Non tutti i dischi arrivano a
incarnare la pienezza di sentimenti che, a volte, ci è concesso sperimentare e
che è ciò che ci attrae dell’opera di alcuni artisti; molti sfiorano soltanto quella
tensione emotiva e quegli estremi passionali, in un cauto movimento di
avvicinamento circospetto o forse inibiti da acerba cautela. È questo il caso
di Thrill Addict, ultimo lavoro dei
Petern Kernel, coppia svizzero-canadese legata anche da un rapporto affettivo:
sebbene le forme espressive siano intriganti e facilmente riconducibili a
eccellenti modelli, è difficile entrare in una sintonia d’intenti con i moventi
profondi della band, che rimangono lontani senza travolgere attraverso i brani.
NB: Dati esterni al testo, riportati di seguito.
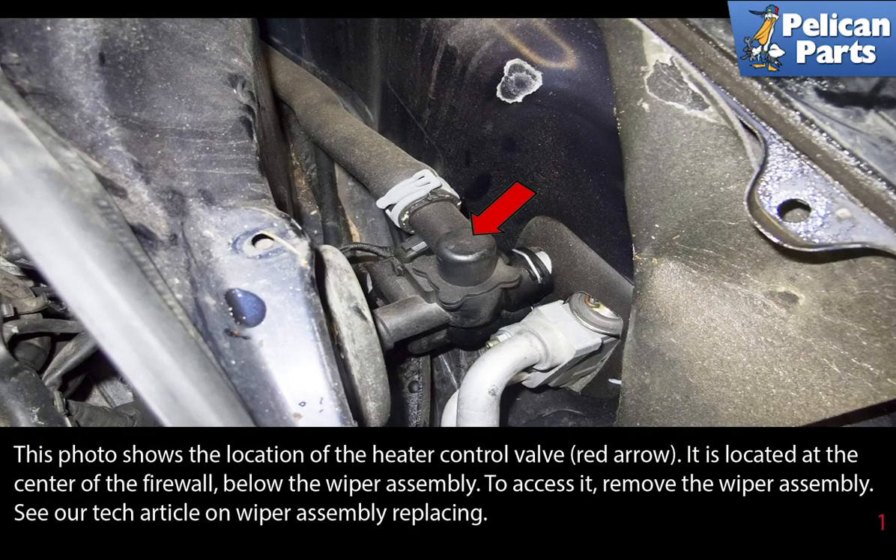This photo shows the location of the heater control valve, red arrow. It is located at the center of the firewall below the wiper assembly. To access it,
In Ecstasy il basso di Barbara
Lehnhoff traccia le asticelle di un balbettio elementare e familiare come
migliaia di foto d’infanzia, replicate centuplicate moltiplicate dai negativi
in serie della chitarra e reduplicare anche dall’unisono delle voci; sin da
questo incipit sono evidenti gli stilemi dei primi anni Ottanta filtrati
secondo la naïveté degli anni zero, ma soprattutto di qualcuno che ha
approcciato la musica senza necessità di farsi sanguinare i polpastrelli sulle
corde. La metà femminile del duo spruzza la sua voce acidula, ibrido di ultima
generazione tra Poly Styrene e Kazu Makino, su un rado e primitivo saltellare
di barattoli in High Fever; basso
e chitarra hanno in tutto il disco lo stesso spessore: non il peso di laterizi
e cemento armato ma la millimetrica sottigliezza delle casupole di un plastico:
Your Party Sucks è una miniatura
dell’alienazione, una risoluzione in scala di disagi per qualcun altro
imponenti. Benché io preferisca evitare di eccedere in riferimenti, negli
episodi più sghembi, come Leaving for the Moon, l’affinità con le derive lievi degli ultimi Sonic
Youth è talmente palese da inibire osservazioni autonome; solo il coro che
precede il ritornello spolvera il brano di una patina di college rock, che lo
salva dalla parentela quasi incestuosa. Dopo che la voce di Barbara balza fuori
dalla linea della registrazione in It’s gonna be Great, You’re Flawless avanza un tentativo di rendere l’approccio più
fosco, incalzando con un contrappunto essenziale tra basso e chitarra; Supernatural
Powers è un’interlocutoria filastrocca stralunata
che pende dagli schiocchi della drum machine, per poi essere spezzata dalla
batteria che avanza a metà brano. Con una certa consuetudine ormai alle
strategie espressive dei Peter Kernel, accolgo l’ultima manciata di canzoni:
dal mugolare di capricci infantili di Keep it Slow agli efficaci vuoti di They Stole The Sun, da Majestic Faya con il suo incedere sedato al fremente fruscio di
percussioni che agita I Kinda Like It, è l’economia di elementi a dominare e a dirottare l’attenzione su
pochi momenti sonori. Solo nel finale, l’improvvisazione in studio Tears
don’t Fall in Space, la coppia si impegna
nel cercare tinte cupe e gravità minacciose; ma la levità ha la meglio, e si
impone come linfa stilistica innegabilmente più connaturata a questi visual
artist, che sembrano aver incontrato la
musica per caso e averla portata a casa come un cucciolo.